Your task is to copy exactly the lines from the line containing "1998 NASCAR BRICKYARD" through the end of the listing below, with pictures left out.
□ □ □ □ □
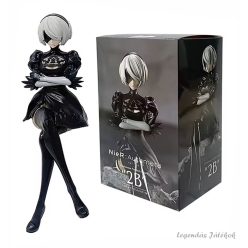 Nier Automata 2B ülő figura 15 cm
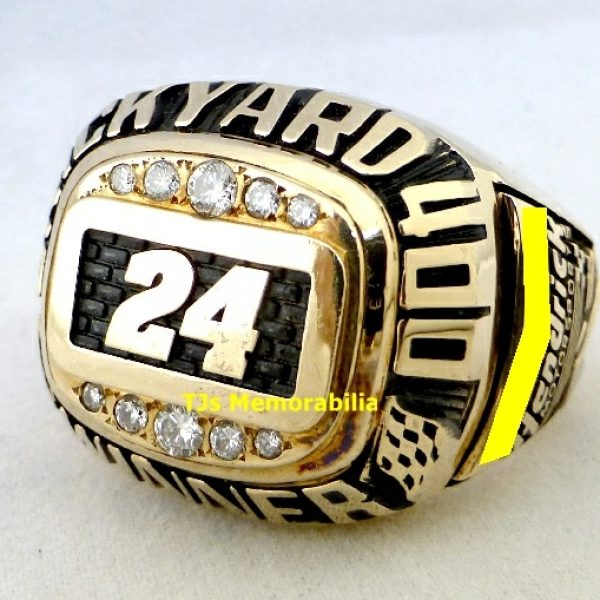 1998 NASCAR BRICKYARD 400 WINNERS CHAMPIONSHIP RING
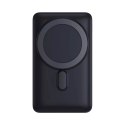 Baseus Powerbank Baseus Magnetic Bracket 10000mAh 20W z MagSafe - niebieski + kabel USB-C 60W 0.5m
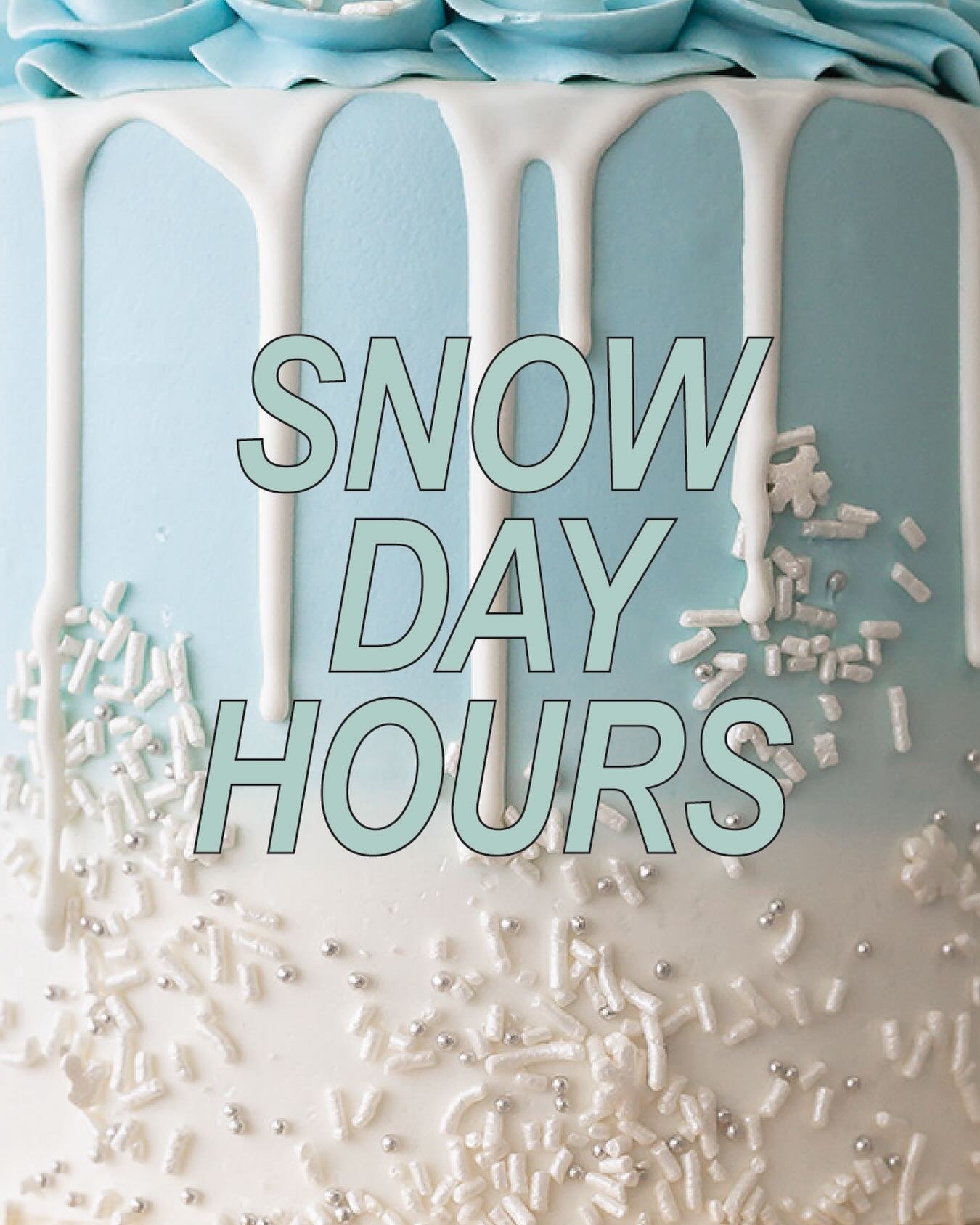 ❄️ SAT JAN 31 HOURS ❄️

Park Rd: 12pm close, closed Sunday
Optimist Hall: 12pm close, open 12pm Sunday

Stay cozy. Hydrate. Carbs encouraged. See you soon 🩵

#charlotte #snowday #cake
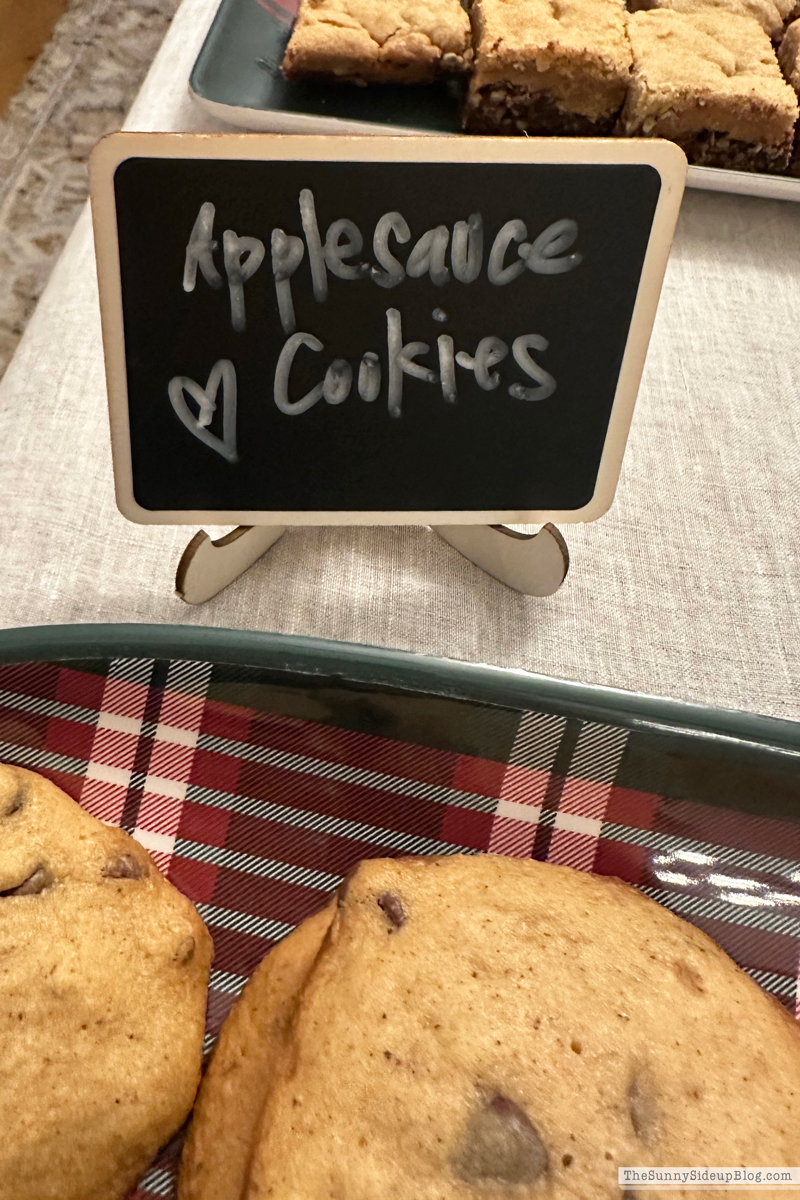 December Happenings (Sunny Side Up)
□ □ □ □ □
## Task solution:
 1998 NASCAR BRICKYARD 400 WINNERS CHAMPIONSHIP RING
 Baseus Powerbank Baseus Magnetic Bracket 10000mAh 20W z MagSafe - niebieski + kabel USB-C 60W 0.5m
 ❄️ SAT JAN 31 HOURS ❄️

Park Rd: 12pm close, closed Sunday
Optimist Hall: 12pm close, open 12pm Sunday

Stay cozy. Hydrate. Carbs encouraged. See you soon 🩵

#charlotte #snowday #cake
 December Happenings (Sunny Side Up)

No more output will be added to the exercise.